One of the easiest ways to do that is to run an innovation tournament - a contest for new ideas. A great example comes from Dow Chemical. They could put out a call for ideas and said we're trying to save energy and reduce waste. We'll take any proposal that costs no more than $200,000 US and it has to be able to pay for itself within a year. Over a decade, they ended up investing in 575 ideas that were submitted into that tournament. And on average they saved the company 110 million U.S. dollars per year. And most of those ideas did not come from people in creative jobs. Often it was an employee on a factory floor who saw something broken and had an idea for how to fix it. But didn't run with it until the tournament was opened.

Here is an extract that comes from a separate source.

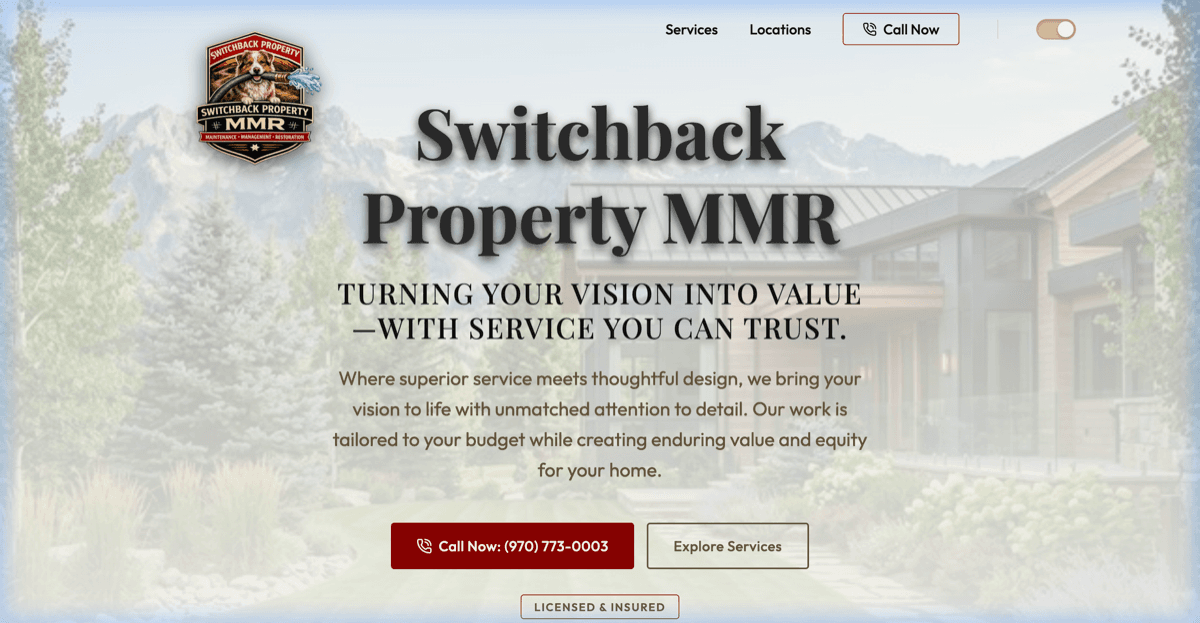 Switchback Property MMR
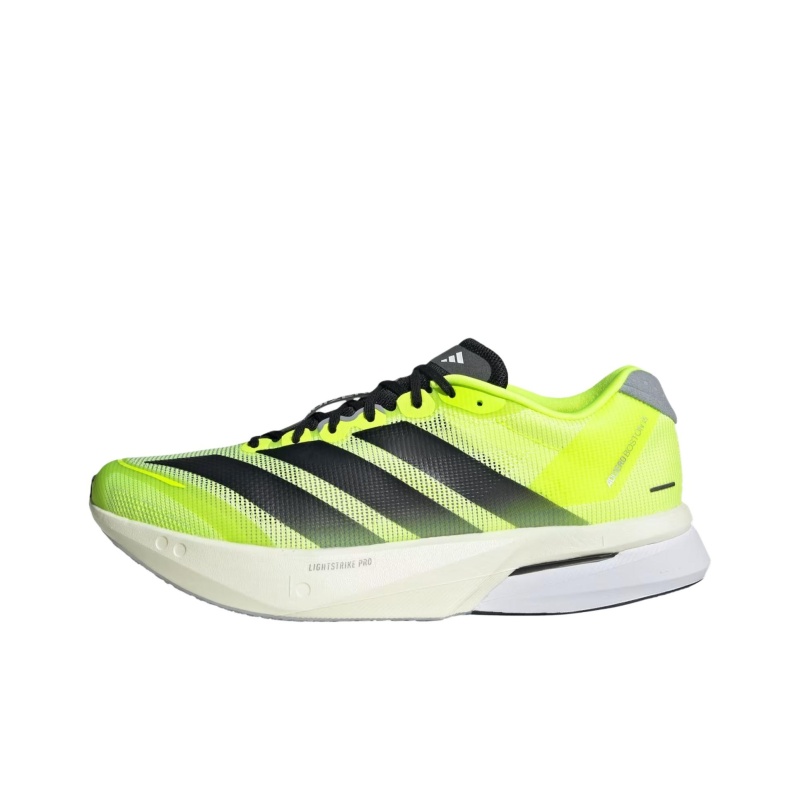 Adidas Adizero Boston 13 'Lucid Lemon / Core Black / Halo Silver' Мужские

And I think managers ought to run more of those contests.
Should you practice what you preach?
I'm actually going to say no, you should do the reverse. I think the danger of practicing what you preach is that you claim a set of values and then you hope that you're going to live up to those values through your actions. And if you do great you've just demonstrated integrity. But if you fall short you become a hypocrite. I think a simpler rule is to only preach things you already practice. And then there's no risk of a gap between your claims and your actions. There was a cultural critic Lionel Trilling who wrote about a distinction between authenticity and sincerity. He said authenticity was closing the gap between your inner thoughts and what you express to the outside world. But sincerity is the opposite. It's starting by paying attention to the person you claim to be and then saying internally I want to become that person. And that kind of sincerity is really easy if you're only preaching the things that you already practice.